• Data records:
********************
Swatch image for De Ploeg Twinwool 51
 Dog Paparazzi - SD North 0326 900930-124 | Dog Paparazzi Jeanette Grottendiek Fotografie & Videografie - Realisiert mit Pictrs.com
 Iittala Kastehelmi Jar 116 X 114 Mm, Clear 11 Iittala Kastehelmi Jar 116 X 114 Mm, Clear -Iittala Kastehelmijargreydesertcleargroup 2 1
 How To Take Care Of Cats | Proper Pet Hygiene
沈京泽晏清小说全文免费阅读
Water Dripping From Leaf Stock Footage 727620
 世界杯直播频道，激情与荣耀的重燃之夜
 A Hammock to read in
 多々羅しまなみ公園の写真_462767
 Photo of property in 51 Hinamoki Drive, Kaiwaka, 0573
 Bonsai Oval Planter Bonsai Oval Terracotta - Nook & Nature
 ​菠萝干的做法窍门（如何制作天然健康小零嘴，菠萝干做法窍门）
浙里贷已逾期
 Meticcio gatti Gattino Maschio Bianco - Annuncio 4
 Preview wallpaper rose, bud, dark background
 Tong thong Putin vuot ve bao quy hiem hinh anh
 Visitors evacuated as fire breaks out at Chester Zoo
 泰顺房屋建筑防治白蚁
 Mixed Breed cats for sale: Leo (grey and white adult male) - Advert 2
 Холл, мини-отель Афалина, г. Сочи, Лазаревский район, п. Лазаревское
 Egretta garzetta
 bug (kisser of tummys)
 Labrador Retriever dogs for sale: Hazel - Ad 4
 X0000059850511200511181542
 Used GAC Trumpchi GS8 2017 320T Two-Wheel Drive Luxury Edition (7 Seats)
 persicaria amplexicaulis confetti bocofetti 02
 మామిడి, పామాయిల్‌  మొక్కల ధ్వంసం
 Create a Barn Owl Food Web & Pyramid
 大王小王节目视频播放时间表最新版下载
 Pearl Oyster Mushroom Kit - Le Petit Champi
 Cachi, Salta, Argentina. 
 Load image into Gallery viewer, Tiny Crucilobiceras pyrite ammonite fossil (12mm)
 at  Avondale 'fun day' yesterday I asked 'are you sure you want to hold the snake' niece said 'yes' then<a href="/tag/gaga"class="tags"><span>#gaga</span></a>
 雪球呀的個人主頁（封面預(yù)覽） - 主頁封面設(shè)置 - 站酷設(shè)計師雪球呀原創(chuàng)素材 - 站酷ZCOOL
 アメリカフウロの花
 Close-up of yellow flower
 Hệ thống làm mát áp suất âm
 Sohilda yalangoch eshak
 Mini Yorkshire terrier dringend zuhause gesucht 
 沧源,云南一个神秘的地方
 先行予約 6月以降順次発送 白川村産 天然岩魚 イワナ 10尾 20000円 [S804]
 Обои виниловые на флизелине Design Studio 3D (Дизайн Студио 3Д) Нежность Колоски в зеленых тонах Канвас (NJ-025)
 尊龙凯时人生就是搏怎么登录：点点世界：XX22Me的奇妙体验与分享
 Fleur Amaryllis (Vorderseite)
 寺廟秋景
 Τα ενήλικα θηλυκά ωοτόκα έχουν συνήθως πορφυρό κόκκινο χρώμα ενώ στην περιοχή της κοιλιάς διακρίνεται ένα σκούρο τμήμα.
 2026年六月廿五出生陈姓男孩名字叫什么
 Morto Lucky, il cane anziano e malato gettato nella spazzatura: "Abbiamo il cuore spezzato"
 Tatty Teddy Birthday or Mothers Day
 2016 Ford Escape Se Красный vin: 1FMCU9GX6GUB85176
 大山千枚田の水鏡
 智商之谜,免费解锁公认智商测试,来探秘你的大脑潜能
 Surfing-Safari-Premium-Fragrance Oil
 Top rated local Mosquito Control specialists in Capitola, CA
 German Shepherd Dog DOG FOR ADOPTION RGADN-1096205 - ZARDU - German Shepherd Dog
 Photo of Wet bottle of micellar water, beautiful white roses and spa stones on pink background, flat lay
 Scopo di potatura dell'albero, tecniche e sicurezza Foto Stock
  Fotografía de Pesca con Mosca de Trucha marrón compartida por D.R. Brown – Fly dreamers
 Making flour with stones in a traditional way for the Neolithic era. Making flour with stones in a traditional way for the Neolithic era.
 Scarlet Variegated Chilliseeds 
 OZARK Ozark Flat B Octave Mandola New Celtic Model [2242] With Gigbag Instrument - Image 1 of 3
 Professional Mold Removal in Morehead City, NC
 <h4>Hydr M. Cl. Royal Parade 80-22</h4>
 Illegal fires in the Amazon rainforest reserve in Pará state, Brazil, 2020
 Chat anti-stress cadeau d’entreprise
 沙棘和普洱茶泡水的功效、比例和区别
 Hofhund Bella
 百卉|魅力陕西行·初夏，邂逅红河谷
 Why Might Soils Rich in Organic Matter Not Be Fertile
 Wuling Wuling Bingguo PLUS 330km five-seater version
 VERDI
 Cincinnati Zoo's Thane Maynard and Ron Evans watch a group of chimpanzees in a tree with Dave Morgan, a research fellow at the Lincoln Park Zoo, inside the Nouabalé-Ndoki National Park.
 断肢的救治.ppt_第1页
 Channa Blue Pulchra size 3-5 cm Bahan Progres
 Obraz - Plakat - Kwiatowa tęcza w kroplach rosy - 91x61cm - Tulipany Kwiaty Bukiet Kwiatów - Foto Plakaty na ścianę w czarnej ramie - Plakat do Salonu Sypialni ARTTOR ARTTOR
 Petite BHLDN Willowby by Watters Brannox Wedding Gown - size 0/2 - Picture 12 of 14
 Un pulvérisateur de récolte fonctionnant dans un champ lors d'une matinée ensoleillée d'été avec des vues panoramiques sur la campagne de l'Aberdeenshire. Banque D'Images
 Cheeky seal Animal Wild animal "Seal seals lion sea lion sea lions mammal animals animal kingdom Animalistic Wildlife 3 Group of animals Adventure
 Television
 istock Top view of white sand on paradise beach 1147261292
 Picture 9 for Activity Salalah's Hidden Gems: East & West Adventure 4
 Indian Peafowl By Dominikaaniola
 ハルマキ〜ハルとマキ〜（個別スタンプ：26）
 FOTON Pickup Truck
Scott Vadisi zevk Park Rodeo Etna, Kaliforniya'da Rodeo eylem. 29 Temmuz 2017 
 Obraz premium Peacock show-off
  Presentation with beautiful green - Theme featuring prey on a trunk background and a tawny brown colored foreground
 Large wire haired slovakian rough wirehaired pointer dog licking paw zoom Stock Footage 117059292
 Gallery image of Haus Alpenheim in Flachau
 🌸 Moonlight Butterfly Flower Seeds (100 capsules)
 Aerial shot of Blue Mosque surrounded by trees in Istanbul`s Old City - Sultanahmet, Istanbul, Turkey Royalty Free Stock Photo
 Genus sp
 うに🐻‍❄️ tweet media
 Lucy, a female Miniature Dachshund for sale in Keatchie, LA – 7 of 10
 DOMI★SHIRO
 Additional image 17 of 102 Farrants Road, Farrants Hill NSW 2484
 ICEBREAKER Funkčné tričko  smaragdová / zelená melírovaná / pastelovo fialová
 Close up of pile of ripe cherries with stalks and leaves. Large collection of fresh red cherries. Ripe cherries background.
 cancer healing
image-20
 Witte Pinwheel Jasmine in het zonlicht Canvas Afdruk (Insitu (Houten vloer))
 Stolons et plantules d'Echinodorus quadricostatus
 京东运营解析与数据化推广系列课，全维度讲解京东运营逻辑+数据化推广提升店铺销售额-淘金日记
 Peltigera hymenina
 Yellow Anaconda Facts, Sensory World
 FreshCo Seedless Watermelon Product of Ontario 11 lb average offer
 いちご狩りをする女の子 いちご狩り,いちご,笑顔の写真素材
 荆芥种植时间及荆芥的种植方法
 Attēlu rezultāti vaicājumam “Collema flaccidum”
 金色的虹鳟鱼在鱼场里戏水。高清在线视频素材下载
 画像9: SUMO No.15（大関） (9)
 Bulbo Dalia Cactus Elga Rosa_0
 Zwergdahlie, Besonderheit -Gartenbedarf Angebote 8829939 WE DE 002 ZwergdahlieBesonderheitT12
********************
• EXERCISE: Of the entries above, repeat exactly the lines from the line with "German Shepherd Dog DOG" through the line with "Petite BHLDN Willowby", both of them included.

• SOLUTION BELOW:
 German Shepherd Dog DOG FOR ADOPTION RGADN-1096205 - ZARDU - German Shepherd Dog
 Photo of Wet bottle of micellar water, beautiful white roses and spa stones on pink background, flat lay
 Scopo di potatura dell'albero, tecniche e sicurezza Foto Stock
  Fotografía de Pesca con Mosca de Trucha marrón compartida por D.R. Brown – Fly dreamers
 Making flour with stones in a traditional way for the Neolithic era. Making flour with stones in a traditional way for the Neolithic era.
 Scarlet Variegated Chilliseeds 
 OZARK Ozark Flat B Octave Mandola New Celtic Model [2242] With Gigbag Instrument - Image 1 of 3
 Professional Mold Removal in Morehead City, NC
 <h4>Hydr M. Cl. Royal Parade 80-22</h4>
 Illegal fires in the Amazon rainforest reserve in Pará state, Brazil, 2020
 Chat anti-stress cadeau d’entreprise
 沙棘和普洱茶泡水的功效、比例和区别
 Hofhund Bella
 百卉|魅力陕西行·初夏，邂逅红河谷
 Why Might Soils Rich in Organic Matter Not Be Fertile
 Wuling Wuling Bingguo PLUS 330km five-seater version
 VERDI
 Cincinnati Zoo's Thane Maynard and Ron Evans watch a group of chimpanzees in a tree with Dave Morgan, a research fellow at the Lincoln Park Zoo, inside the Nouabalé-Ndoki National Park.
 断肢的救治.ppt_第1页
 Channa Blue Pulchra size 3-5 cm Bahan Progres
 Obraz - Plakat - Kwiatowa tęcza w kroplach rosy - 91x61cm - Tulipany Kwiaty Bukiet Kwiatów - Foto Plakaty na ścianę w czarnej ramie - Plakat do Salonu Sypialni ARTTOR ARTTOR
 Petite BHLDN Willowby by Watters Brannox Wedding Gown - size 0/2 - Picture 12 of 14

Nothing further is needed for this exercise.